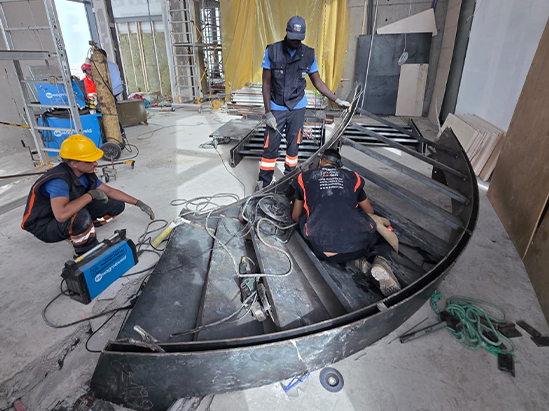 Fabrication et assemblage d’une structure d’escalier métallique sur mesure par des métalliers
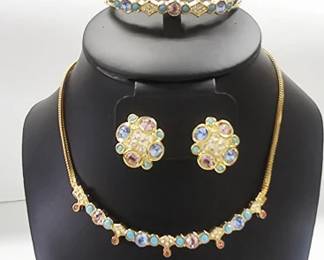 Swarovski Crystal Necklace Earrings Bracelet Set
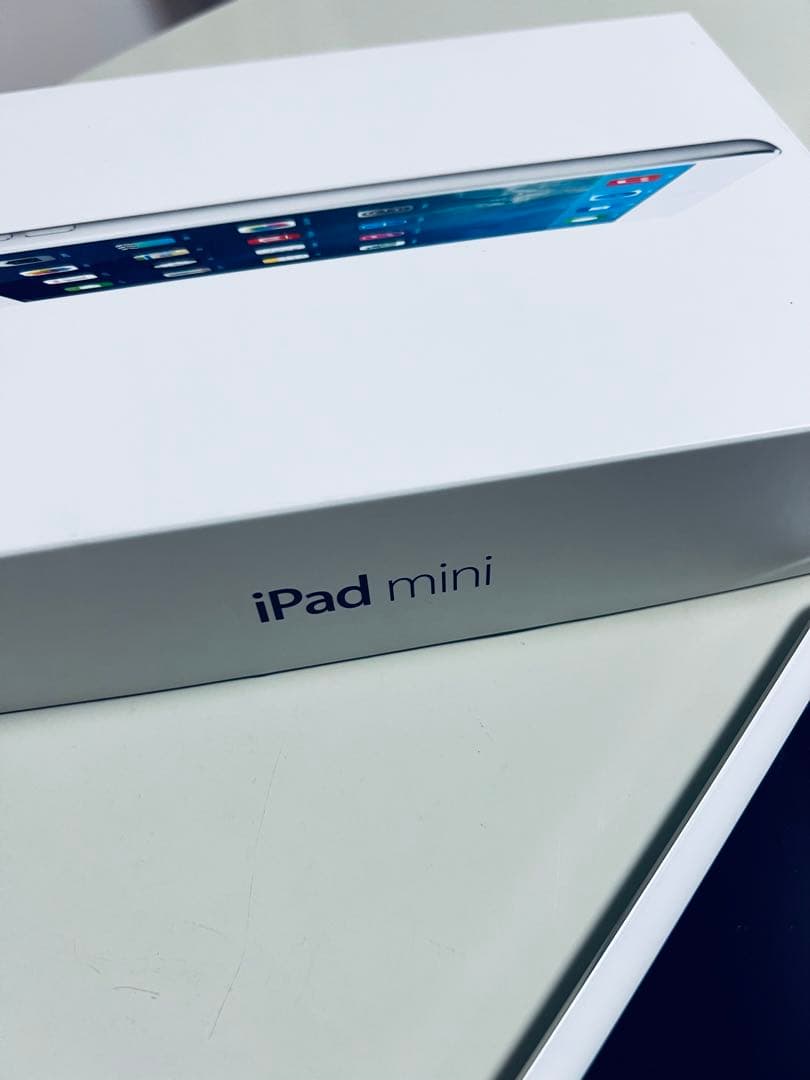 【Apple】iPad mini Retinaディスプレイ、64GB、Wi-Fi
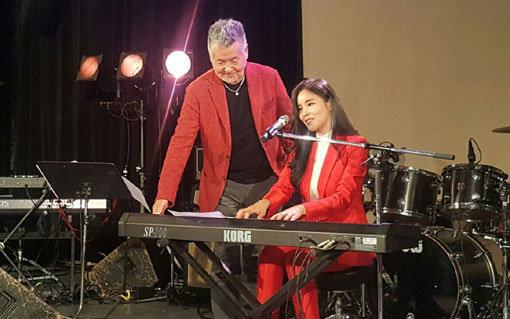 엔카계 대부 나카무라 타이지와 조정민(오른쪽). 사진제공｜루체엔터테인먼트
• • • •
ACTION ITEM: When repeating the listing, keep each line exact and exclude the pictures.

WRITTEN RESPONSE:
 Fabrication et assemblage d’une structure d’escalier métallique sur mesure par des métalliers
 Swarovski Crystal Necklace Earrings Bracelet Set
 【Apple】iPad mini Retinaディスプレイ、64GB、Wi-Fi
 엔카계 대부 나카무라 타이지와 조정민(오른쪽). 사진제공｜루체엔터테인먼트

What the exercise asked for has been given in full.